Pour une loi intégrale contre les VSS : Et de 3 à Nogent-le-Rotrou !
De nouveau, comme la semaine précédente, plus de cinquante personnes se sont retrouvées, lundi 29 juin à 19 h., mais cette fois-ci devant les marches de la Place Saint-Pol où l’ombre des arbres et l’espace conviennent mieux à ce rassemblement que le trottoir de la Maison de la Justice et du Droit. Il est noté, avec satisfaction, la présence d’un nombre d’hommes plus important qu’aux rendez-vous précédents.
Cassandre ouvre le débat en proposant le micro à qui souhaite s’exprimer. Plusieurs témoignages forts et analyses vont se succéder. L’émotion, la détermination sont intactes, la colère ne semble pas près de s’éteindre.

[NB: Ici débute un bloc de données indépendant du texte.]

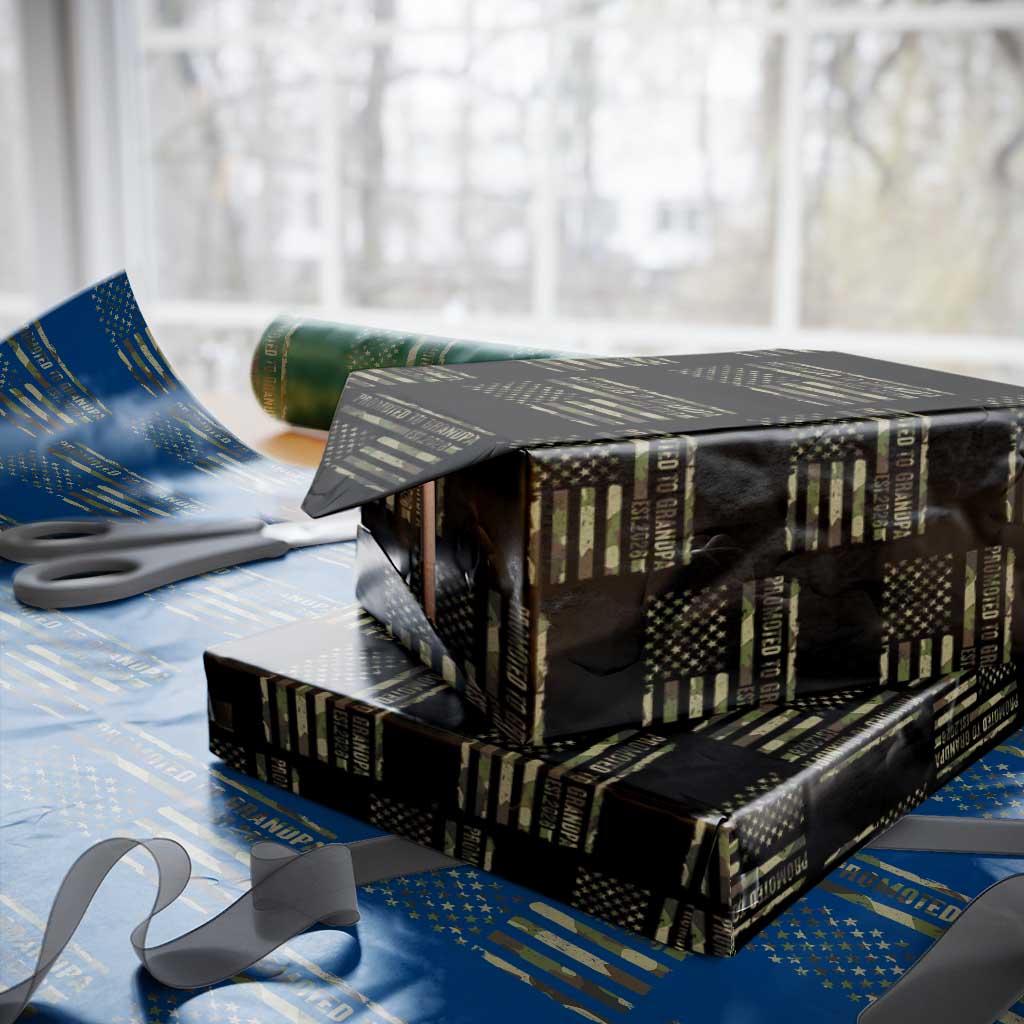 Promoted To Grandpa Est 2026 Patriotic American Flag Camo Wrapping Paper Roll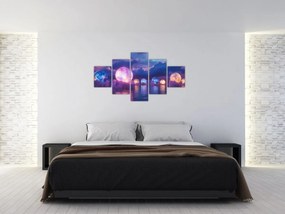 Obraz - Planety na wodzie (125x70 cm)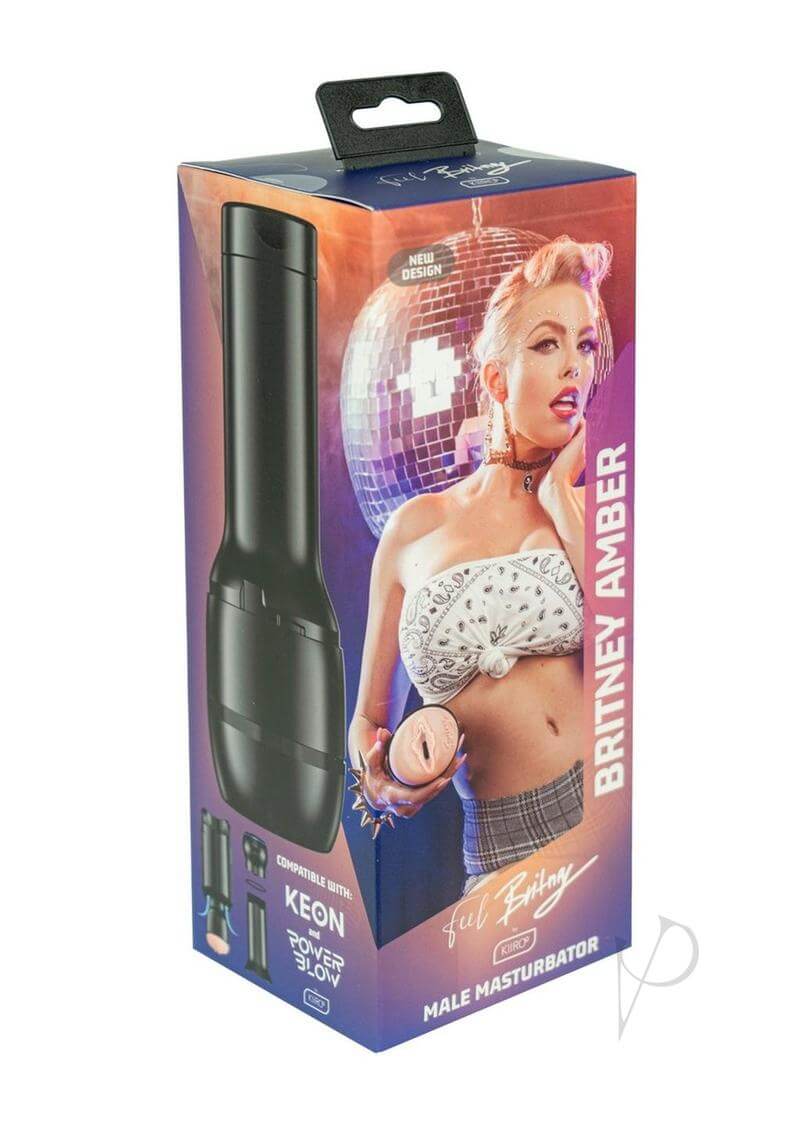 Feel Britney Amber Stroker by Kiiroo in packaging with product image and star graphic.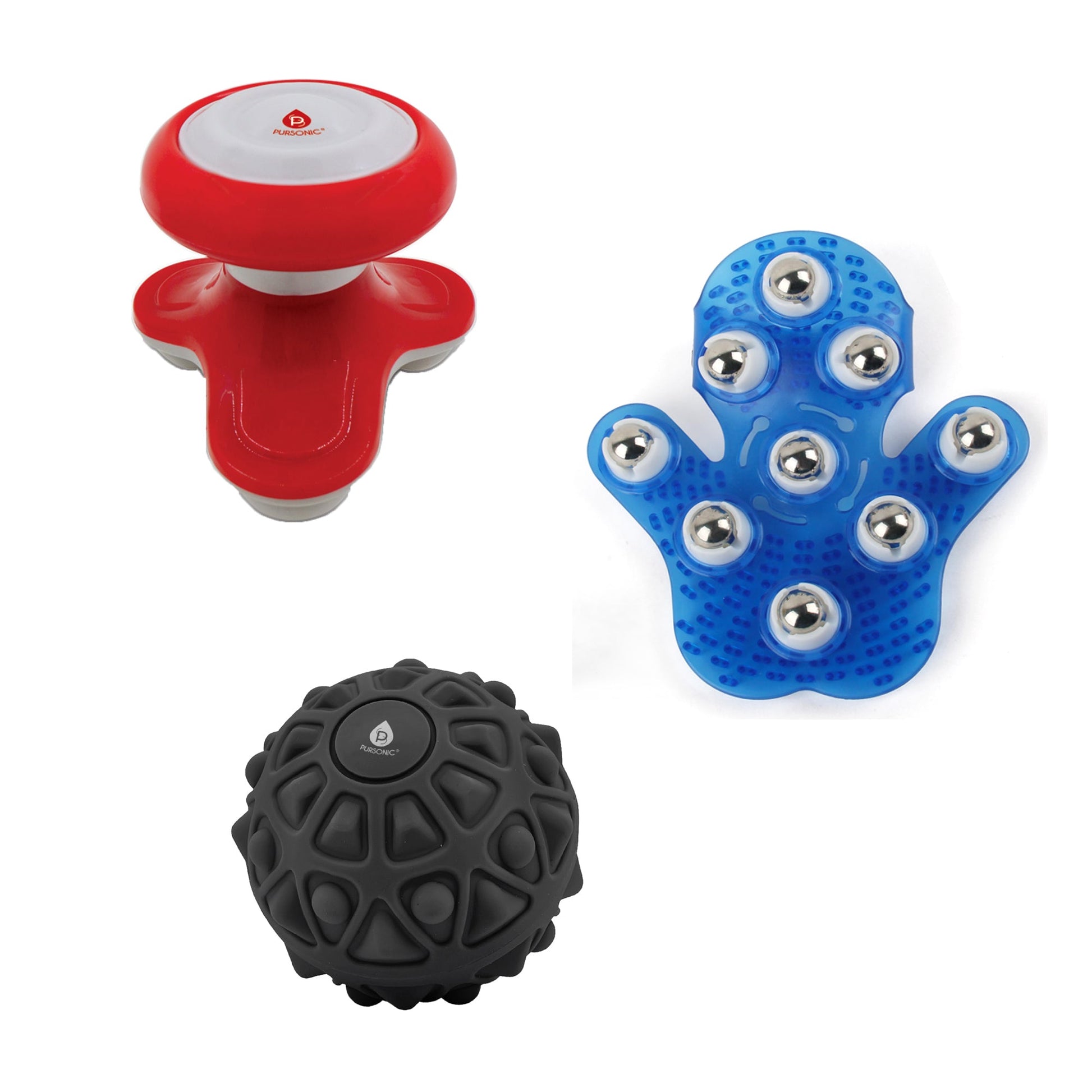 Recovery Trio: Vibrating Massage Ball, Handheld Node Massager & Palm Harmony Glove-0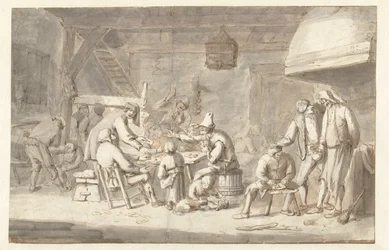 Kroscene med kortspillere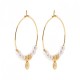 Boucles d'oreilles créoles Plaqué Or 18 carats perles blanches nacrées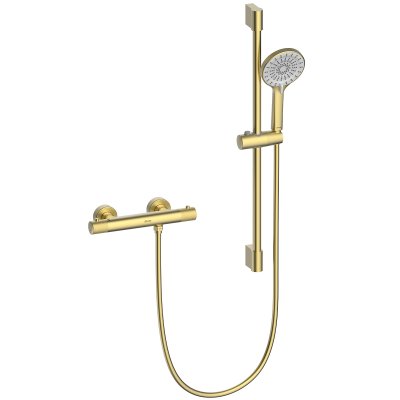 LEMARK | Смеситель Lemark Beluga LMF-8044B-BRLG для душа, термостатический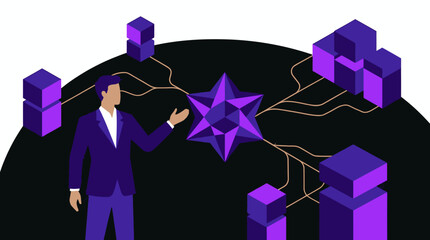 Man stands before abstract purple shapes connected by golden branching lines. Suitable for tech, business, innovation concepts. © Luqman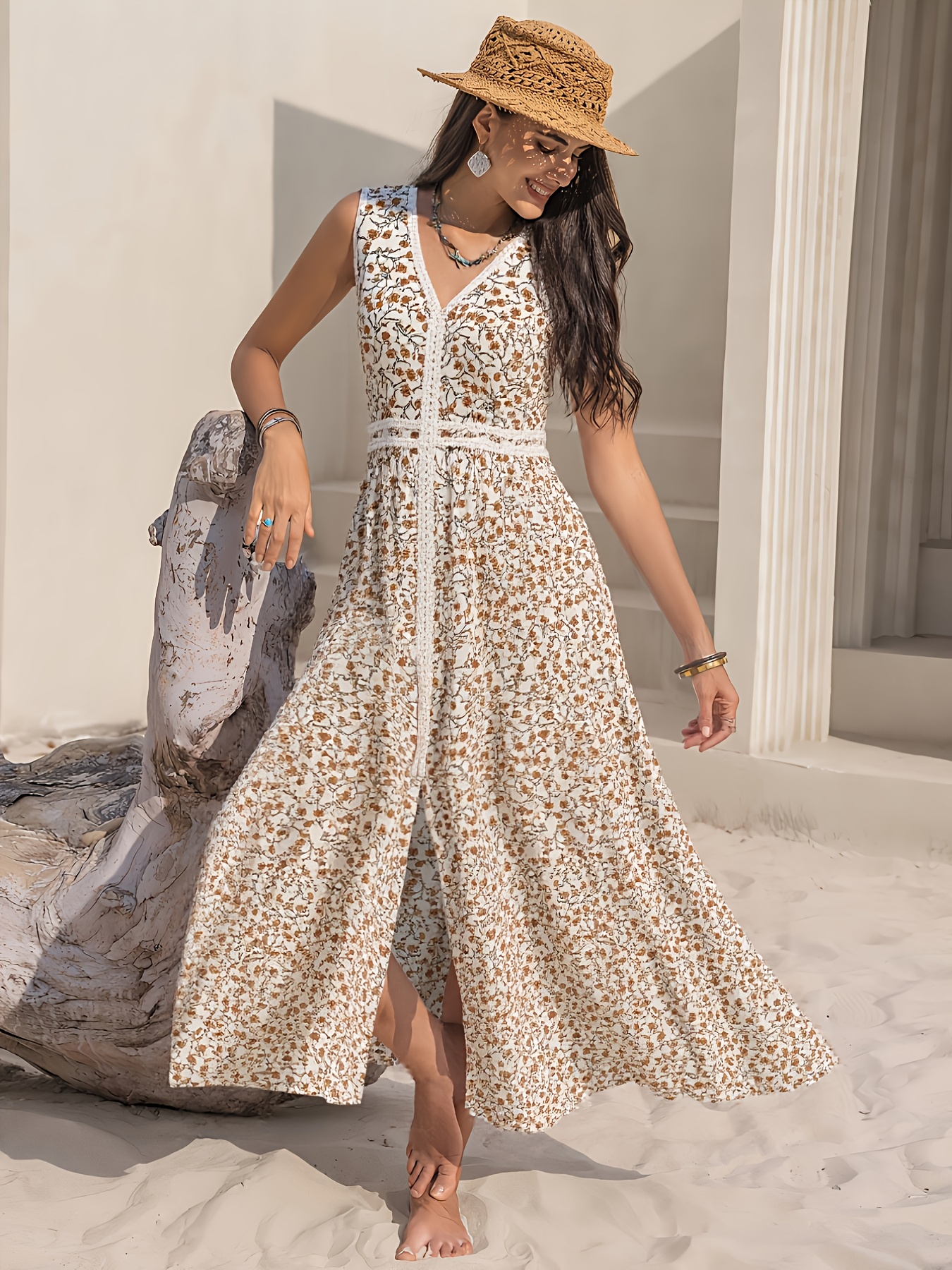 Elegant V-neck Lace- * Off-the-shoulder Long Dress with Floral Pattern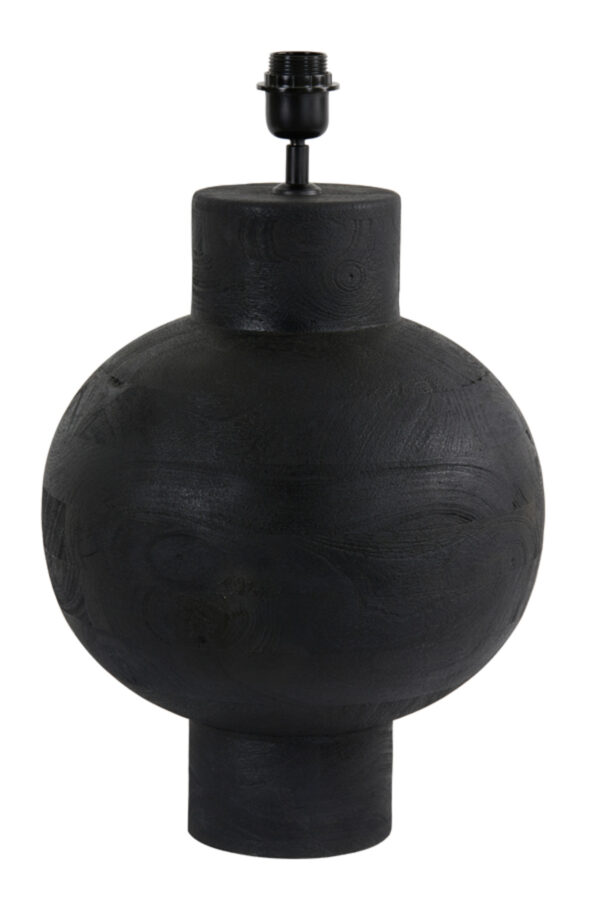 Zwarte houten lampenvoet bolvormig Light & Living Barumi - H 55 cm - Image 2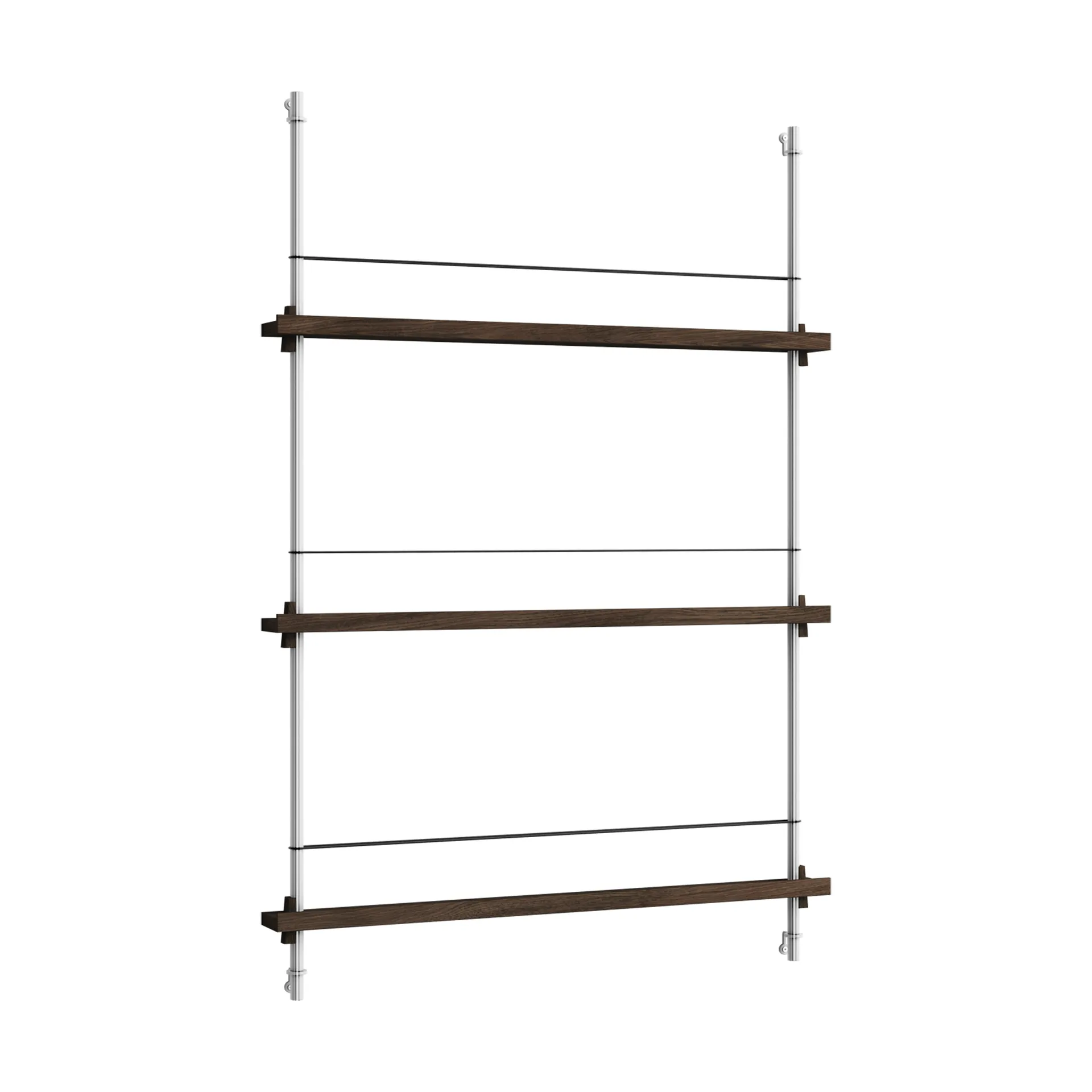 Magazine Shelving portagiornali, Rovere affumicato-acciaio inossidabile, 85x115x7 cm, MS.115.1 MOEBE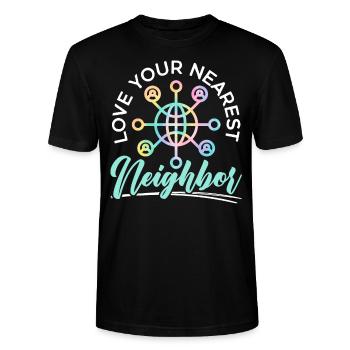 Liebe deinen nächsten Nachbarn Künstliche Intelligenz - Stanley/Stella Unisex Bio-T-Shirt CRAFTER - Schwarz - Vorne - Alina (178cm) & Michal (187cm)
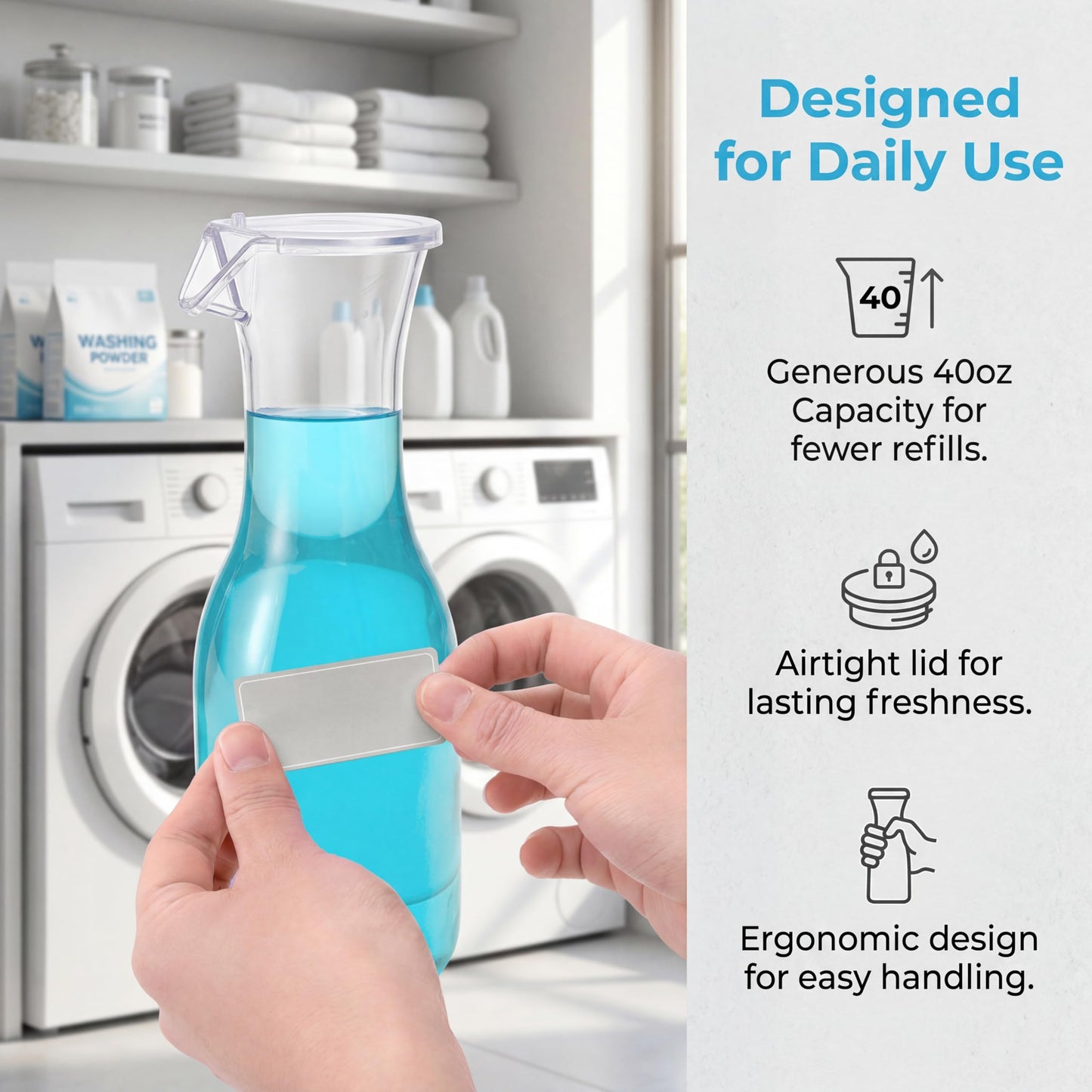 YIMITEE 3 Pack Laundry Detergent Dispenser with 5 Labels, 40 OZ Plastic Fabric Softener Bottle, Reusable Detergent Container, Laundry Room Organizer for Liquid Soap Powder Bleach Scent Booster Beads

” Pour toutes mes sœurs qui ne peuvent pas crier…”
Une jeune femme dénonce les hypocrisies des politiques de l’État, l’acceptation imposée pour faire taire les victimes de viols, de maltraitance masculiniste, de la loi du silence, pour minimiser les agressions : ‘’ce n’était pas si grave’’. ‘’Pour toutes celles et ceux’’ répète-t-elle pour dénoncer ces multiples moyens de faire taire les victimes, ‘’pour tout ce qu’on nous inculque, pour toutes les croyances qui demeurent, je dis STOP ! et j’aimerais qu’ensemble nous puissions changer un peu les choses, ne serait-ce que pour nos enfants et nos filles. OUI à la loi intégrale !’’ et elle termine : ‘’pour toutes mes sœurs qui ne peuvent crier, je crie !’’ Son cri est repris par l’assistance.
‘’Pourquoi finit-on cassée ?’’
Noah, élève dans un lycée nogentais, lit et scande un texte personnel fort qui reçoit de chaleureux applaudissements. ‘’Pourquoi finit-on cassée, alors que la vie est remplie de nouvelles : bonheur, amour, joie, euphorie, alors pourquoi finit-on cassée ?’’ ‘’Epuisée, avec l’incapacité de te débattre, tu laisseras faire ce que la vie en a décidé.’’ ‘’Tu te réveilles un beau jour et tu réalises qu’on t’a utilisée… C’est si dur de l’admettre…Tu imagineras que c’est toi le problème…’’
Puis, vient le moment de chanter, accompagné·e·s par Mathieu Barbances à la guitare, notamment la chanson de Suzane, Je t’accuse.
Enfin, les manifestant·e·s se rendent par la rue de la Herse jusqu’à la Maison de la Justice et du Droit où sont placées bien en vue leurs affiches portant des revendications essentielles et chiffrées.
PROCHAIN RENDEZ-VOUS : SAMEDI 4 JUILLET, PLACE SAINT-POL
Pour répondre à l’appel national de rassemblements et manifestations partout en France, ce sera lors du marché hebdomadaire, ce samedi 4 juillet. Départ à 12 h. de la Place Saint-Pol pour se rendre en deux étapes jusqu’à la Place de la République.